The status of DCC was mapped onto the currently accepted phylogeny of birds41,78. The DCC status is shown indicating presence or absence in bird and crocodilian species. The following are indicated in colour: Galliformes (blue), Anseriformes (pink), Neoaves are in green apart from Passeriformes which are shown in grey. The red asterisk (*) indicates the points of putative DCC loss during bird evolution.

DCC was not detected in chicken or zebra finch brachial spinal cord sections using well-verified DCC antibodies

This in silico analysis suggested that DCC may be lost in subsets of Galliformes and Passeriformes. Since this type of in silico analysis is contingent on the accuracy and completeness of genomic assemblies and mRNA databases we next aimed to robustly verify the DCC presence or absence by alternative experimental approaches.

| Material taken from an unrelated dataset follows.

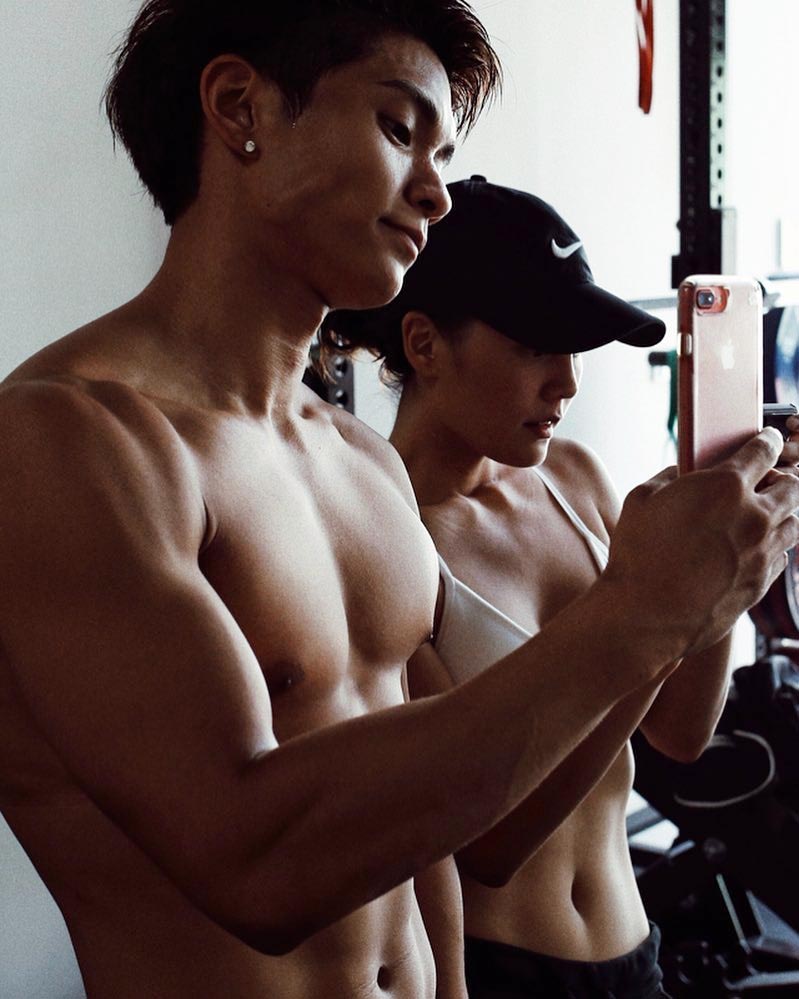 เจนี่ เทียนโพธิ์สุวรรณ เจนี่ เทียนโพธิ์สุวรรณ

Since DCC orthologs are typically highly similar to each other we reasoned that if a DCC ortholog was present in Galliformes and Passeriformes but not represented in the databases, a probe directed against duck DCC mRNA or well-characterized and robust antibodies that recognize DCC in other species would detect DCC in birds. For this experiment we focused on chicken (Galliforme) and zebra finch (Passeriforme) which are experimentally important model systems in developmental biology and neuroscience respectively and where embryonic material is more readily available. Since DCC expression and function is well characterized in the spinal cord, we compared the expression of DCC in spinal cord sections of mouse, chicken, zebra finch and duck embryos.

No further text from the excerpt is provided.